For more information about facilitating challenging or difficult conversations, check out this resource from Common Sense Education: A best-of-the-best collection of resources for social justice- and equity-focused educators.

Friday, May 16, 2014

Think-Puzzle-Explore

In fifth grade in Minnesota, students need to meet 31 social studies benchmarks. Among those benchmarks are seven history benchmarks that fall within the era of "Revolution and a New Nation: 1754-1800":
  • Identify major conflicts between the colonies and England following the Seven Years War; explain how these conflicts led to the American Revolution.
  • Describe the development of self-governance in the British colonies and explain the influence of this tradition on the American Revolution.
  • Identify the major events of the American Revolution culminating in the creation of a new and independent nation. 
  • Compare and contrast the impact of the American Revolution on different groups within the 13 colonies that made up the new United States.
  • Describe the purposes of the founding documents and explain the basic principles of democracy that were set forth in the Declaration of Independence, the Constitution and the Bill of Rights.
  • Describe the successes and failures of the national government under the Articles of Confederation and why it was ultimately discarded and replaced with the Constitution.
  • Describe the major issues that were debated at the Constitutional Convention.
With so many knowledge-based standards, the fifth grade teachers collaboratively decided to focus on the concepts, or big ideas, of causation, change, perspective, and organization so that the students could construct an understanding of the statement that voicing perspectives stimulates change.
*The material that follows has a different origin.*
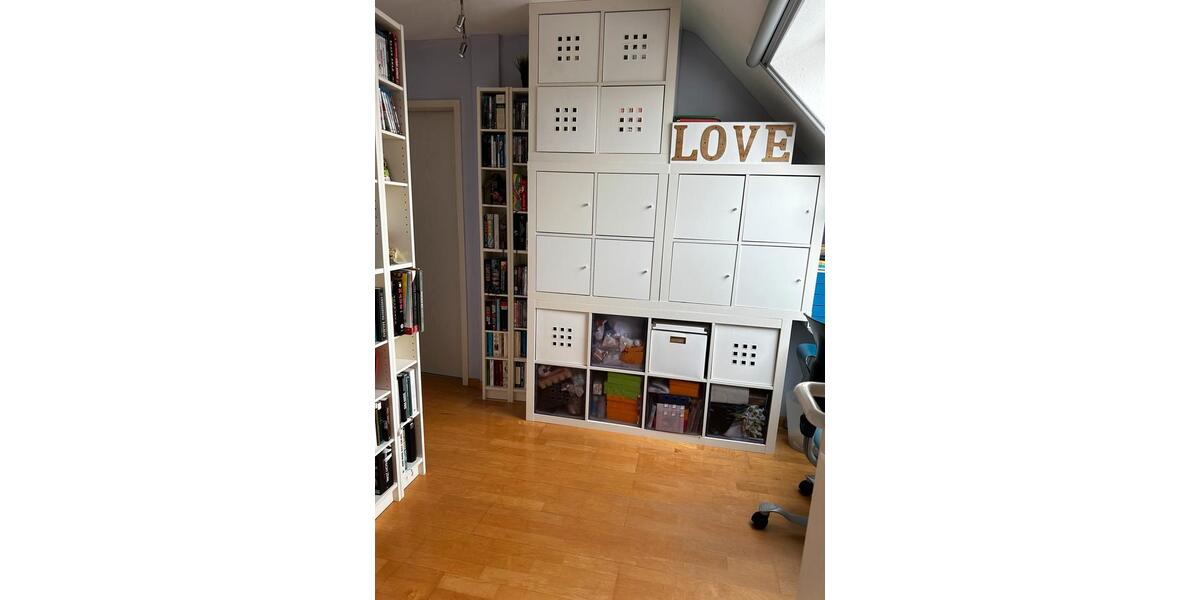 Maisonettenwohnung Denzlingen - 4.5 Zimmer, 95 m&sup2;, 469.000&euro; | Angebot:26022245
In order to examine different perspectives and change during the era of the Revolution and the New Nation, fifth grade teachers planned to have their students inquire into the following events. The whole class would study the French and Indian War and then small groups of students would inquire into the remaining events.
  • Imposition of taxes
  • Start of the American Revolutionary War
  • Declaration of Independence
  • Changing sides
Teachers were noticing though, that their students were having a hard time inquiring into these topics, as they had such little background knowledge on this time in our nation's history. So, to help guide their inquiry, the students in one fifth grade classroom used the Visible Thinking Routine: Think-Puzzle-Explore.
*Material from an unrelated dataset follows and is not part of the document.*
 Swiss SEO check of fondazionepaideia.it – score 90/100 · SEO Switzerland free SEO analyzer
Think-Puzzle-Explore is a Visible Thinking Routine from the book Making Thinking Visible by Ritchhart, Morrison, and Church. It is a routine for introducing and exploring ideas. According to the authors, students are able to activate prior knowledge, wonder, and plan their research with this routine. This routine is good to use at the beginning of a unit to direct personal or group inquiry and uncover current understandings as well as misconceptions (p. 51).
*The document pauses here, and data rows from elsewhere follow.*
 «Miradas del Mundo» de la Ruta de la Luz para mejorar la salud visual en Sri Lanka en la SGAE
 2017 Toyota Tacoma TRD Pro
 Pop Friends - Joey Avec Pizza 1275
Together with the teacher, the students identified what they thought they knew about each event. (It is important to note here that the students understood that what they thought they knew might be wrong; but their thinking was still acknowledged and recorded.) Then, students thought about what they wanted to know, or what puzzled them. Finally, as a class, the students came up with resources they could explore, to help answer their questions.










As students investigate the different perspectives voiced and changes stimulated during this point in American History, they are able to identify misconceptions they had previously believed to be true. Furthermore, as they gain knowledge on the important people (who), events (what), dates (when), places (where), and causes (why), they are able to link their new knowledge with the questions they had posed before.

After reading about how one fifth grade class used the Visible Thinking Routine Think-Puzzle-Explore to activate prior knowledge, wonder, and plan, how can you or have you use this Visible Thinking Routine with your students?